▶ **Work request**: Retype, word for word, each line between the lines holding "Volkswagen New Beetle - 1" and "Norwich, CT 06360", inclusive, and leave the rest of the data alone.

▶ **Material for this exercise**:
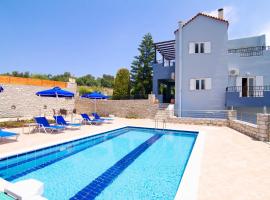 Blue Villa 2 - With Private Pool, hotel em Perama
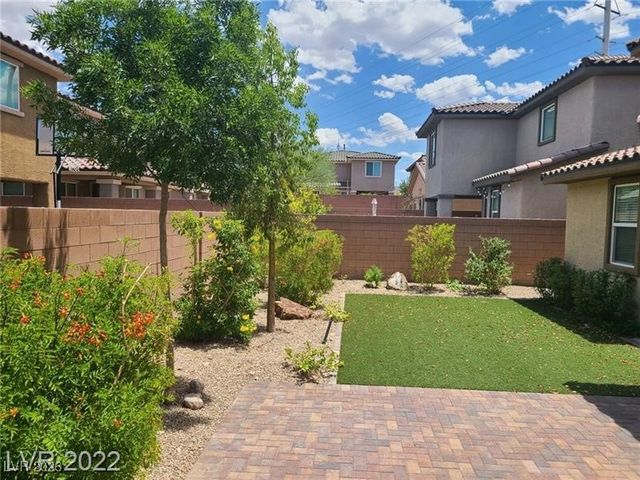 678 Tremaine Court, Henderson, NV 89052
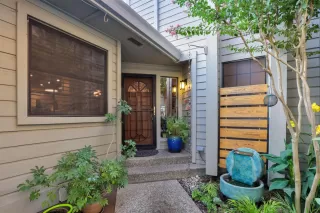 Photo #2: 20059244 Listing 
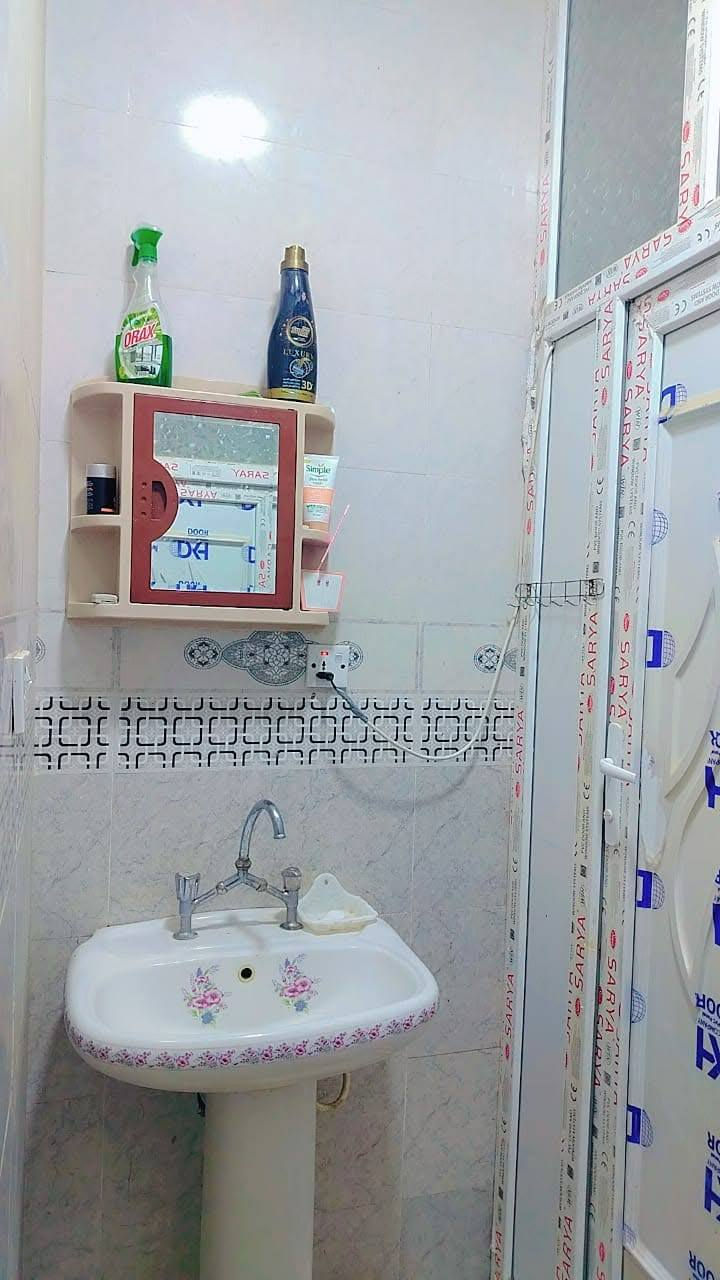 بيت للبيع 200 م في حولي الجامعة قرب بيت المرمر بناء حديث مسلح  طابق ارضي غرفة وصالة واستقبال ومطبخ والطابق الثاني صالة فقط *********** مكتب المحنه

--

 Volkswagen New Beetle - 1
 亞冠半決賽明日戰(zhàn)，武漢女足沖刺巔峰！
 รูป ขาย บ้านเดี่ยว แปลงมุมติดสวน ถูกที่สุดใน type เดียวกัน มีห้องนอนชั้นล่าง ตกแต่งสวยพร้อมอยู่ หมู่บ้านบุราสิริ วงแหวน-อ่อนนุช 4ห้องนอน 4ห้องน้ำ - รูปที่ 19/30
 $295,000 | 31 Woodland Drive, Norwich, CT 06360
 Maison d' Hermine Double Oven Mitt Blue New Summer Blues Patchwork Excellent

==

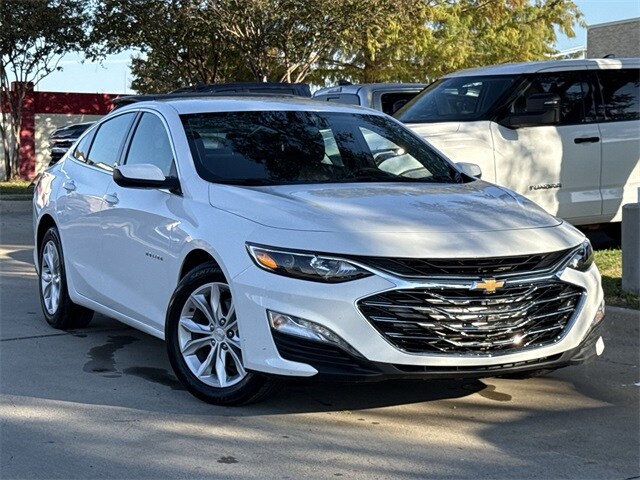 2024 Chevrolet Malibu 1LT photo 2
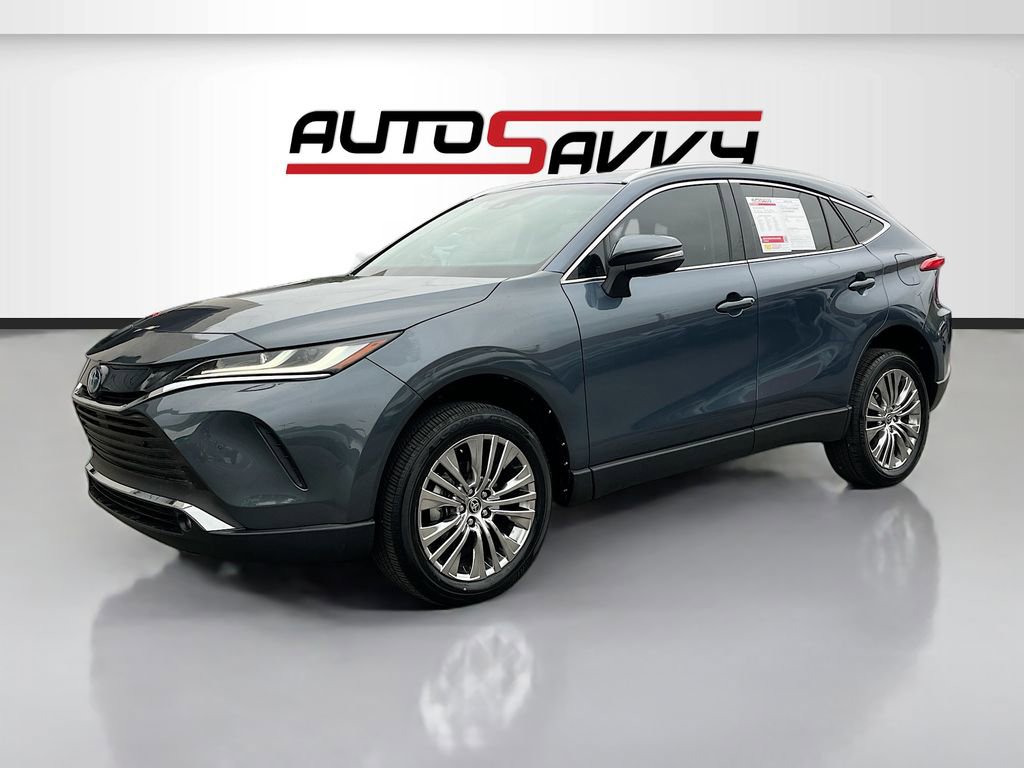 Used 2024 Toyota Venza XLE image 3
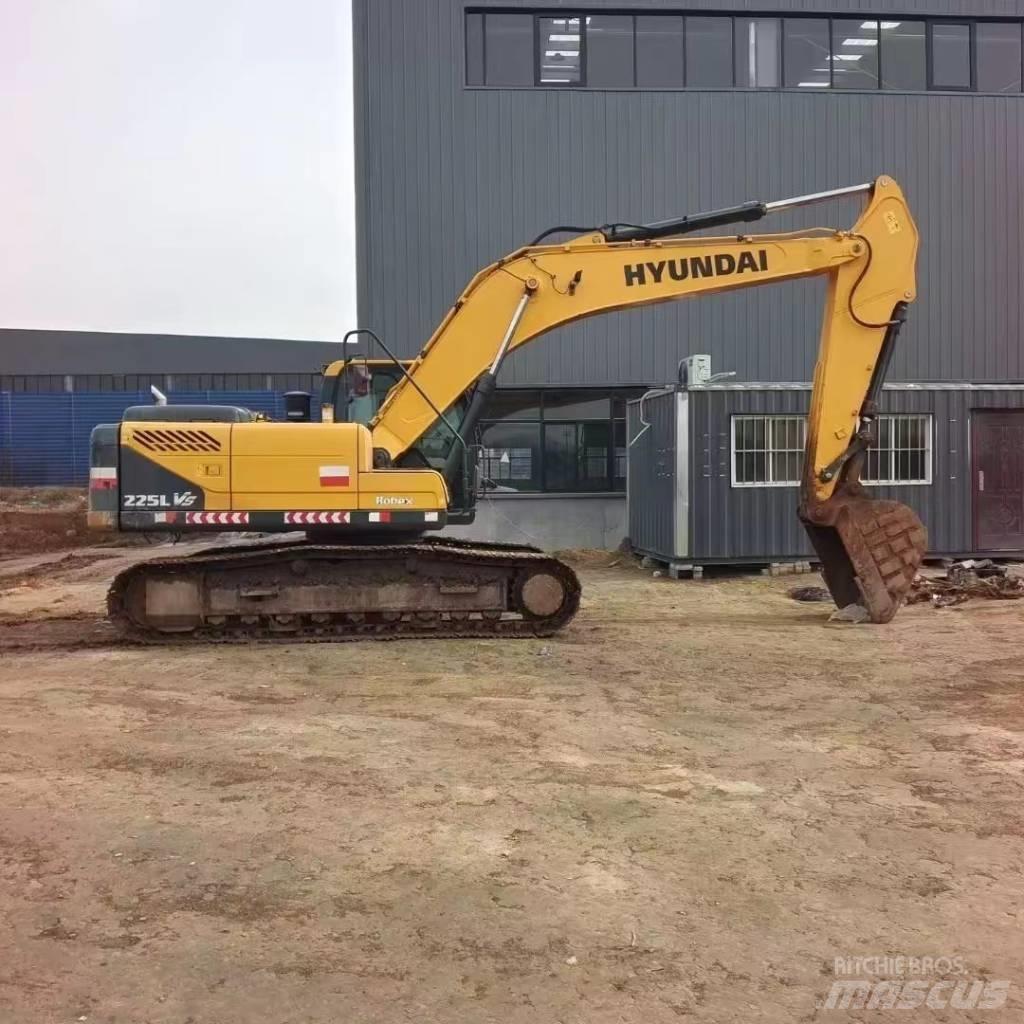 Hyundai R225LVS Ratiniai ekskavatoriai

▶ **Response to the exercise**:
 Volkswagen New Beetle - 1
 亞冠半決賽明日戰(zhàn)，武漢女足沖刺巔峰！
 รูป ขาย บ้านเดี่ยว แปลงมุมติดสวน ถูกที่สุดใน type เดียวกัน มีห้องนอนชั้นล่าง ตกแต่งสวยพร้อมอยู่ หมู่บ้านบุราสิริ วงแหวน-อ่อนนุช 4ห้องนอน 4ห้องน้ำ - รูปที่ 19/30
 $295,000 | 31 Woodland Drive, Norwich, CT 06360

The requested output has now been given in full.